One evening I became ill, and by morning was struggling to breathe, painfully, as the congestion deepened into my lungs. For three days, I was in bed, getting up to change sweat-soaked clothes and to attempt to eat. By the third day, I was hallucinating. I seemed to be two people, one sick and the other well: the sick body and the rebellious mind?

I had a muddled sense of this and the split was not exactly clear, but one part of me was holding a conversation with another part. I dreamed of fire, then of a building on fire. I was on the top floor with my brother. My paternal grandparents, both actually now dead, were on the sidewalk below waiting for me.

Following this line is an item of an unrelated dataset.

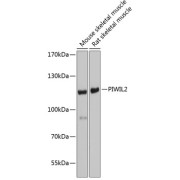 Western blot analysis of various lysates using PIWIL2 Antibody at 1/1000 dilution. Secondary antibody: HRP-conjugated Goat anti-Rabbit IgG (H+L) at 1/10000 dilution. Lysates/proteins: 25 µg per lane. Blocking buffer: 3% nonfat dry milk in TBST. Exposure time: 5s.
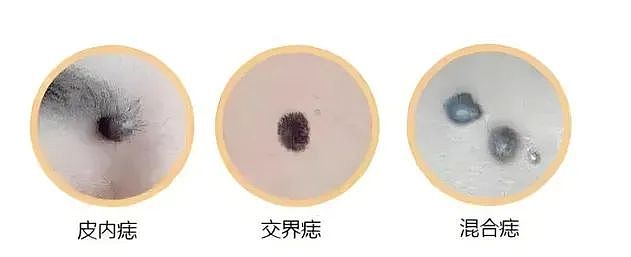 确诊癌症！男子一颗痣长了20年，一直没重视，医生紧急提醒（组图） - 1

I had promised to go to the zoo with them, but first asked them to wait a minute because I had to go to the store, vaguely like Jake’s bookstore, and take something upstairs. So I did and when I was up there, I heard fire engines and people shouting. My brother and I looked out to see people pointing up at us and smoke pouring from one of the floors below.

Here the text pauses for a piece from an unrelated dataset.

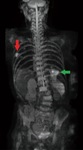 全身ＭＲＩ検査の撮影写真。赤矢印が肺癌、緑矢印は炎症性変化（厚木佐藤病院提供）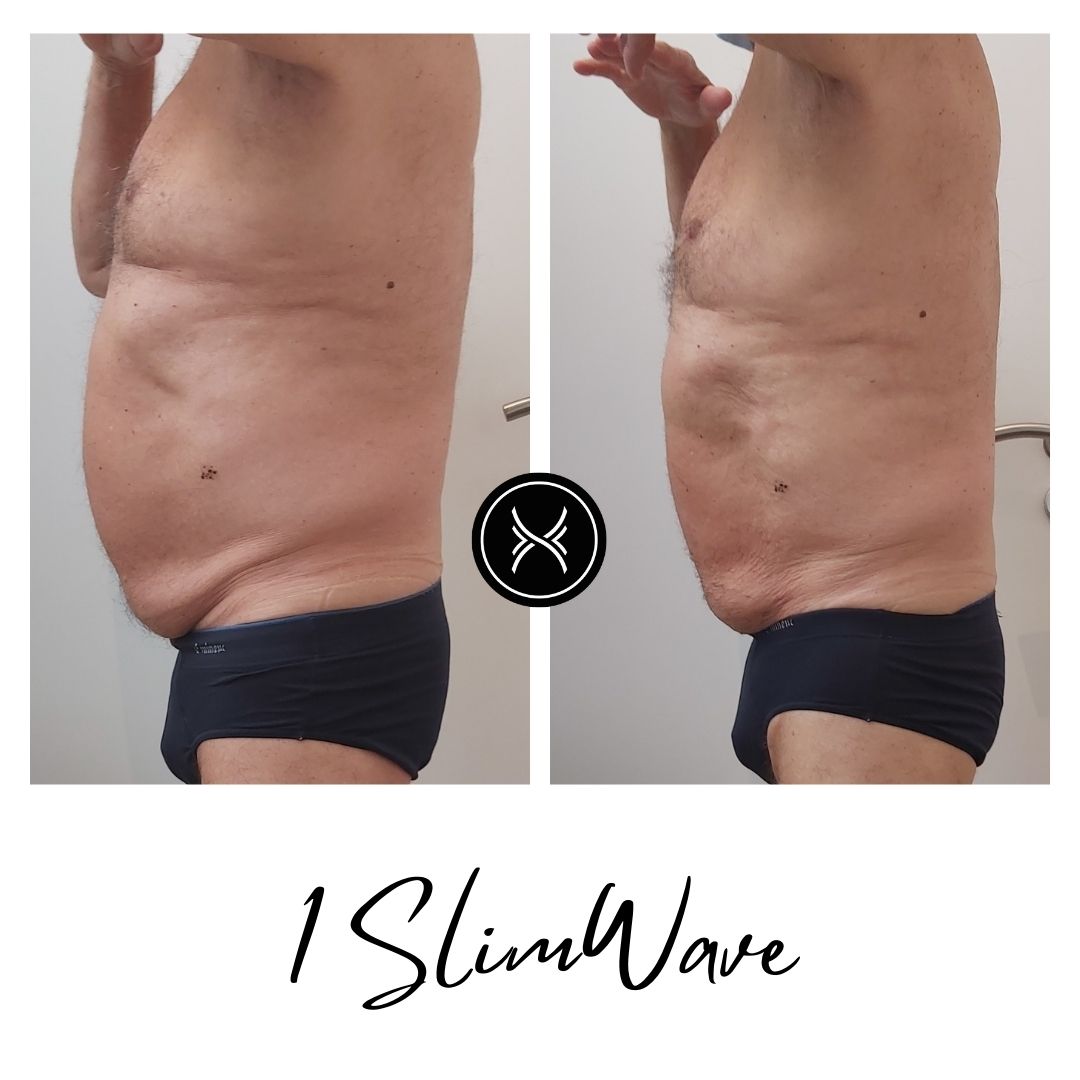 Resultat-Slimwave-4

I went to the door and started to step out, but the stairs had been burnt away, all the way down. Someone on a floor below opened their door and I shouted to them not to go out, the stairs were gone. No one came out and I began to devise schemes for our escape, when the phone rang.

I picked it up and someone said, “Hi, it’s me.”

“Who is this?” I asked.

“I’m the one who never calls anybody.”

“Who?”

“Jake. It’s me, Jake,” said Jake.

“Jake who?”

“Oh my God,” he said, “I can’t believe this. Jake who. My store just burned down and I call my best friend for sympathy and she doesn’t know me.”

Jake told me that there had been a fire on the second floor of the building his store is in. It started in the apartment above his store and there had been some smoke and water damage, ruining most of his books.

I passed away from life again into a delirious state, becoming more dissociated from myself. I thought I was three people, each one belonging to a different part of my face. One part belonged to one nostril and one to the other nostril and another to my mouth. Only the mouth was working. I kept asking, why have they abandoned me? Why don’t they work?

I felt myself floating down a river, and this went on for a long time, inexorably to its end, which I became slowly and in some pinpoint sense keenly aware of, but still I let myself go with the gentle but insistent flow. At last I felt myself buoying up, resisting the flow, and coming to a greater awareness.

Rising, I recovered enough to go to the hospital and be given medicine my mother later told me was used to treat Legionnaire’s disease.

Jake and I shared a laugh about my delirium when I was sick. “I knew you, but not exactly,” I said. “One part of me was telling me who you were and would have been able to talk to you, but I was almost unconscious. Everything was jumbled up. I also thought you were my Uncle Jake calling to tell me my parents’ plane had crashed.”

“Wow.”

“They were fine.”

“But my store did burn down.”

Together we moved through the water-soaked remains of his books and magazines. “I’ll get it going again,” Jake said.

During my illness, I experienced the hysteria and helplessness that PJ must live through daily. It was more than physical suffering and damage to the body. I realized that the mental aberrations and changes in consciousness caused by physical illness could become permanent. That would explain PJ’s “disintegration” and intensified “multiphrenia” and paranoia.

“You cannot experience my descriptions of my sickness with immunity,” PJ said. “You fell sick in a paroxysm of empathy.”

I had fallen beneath the weight of his narrative of despair, pain and helplessness. After this, I knew I could not witness his constant talk of pain and illness. I resolved to distance myself more from PJ. Suddenly, I wanted to find a way to be independent of everyone.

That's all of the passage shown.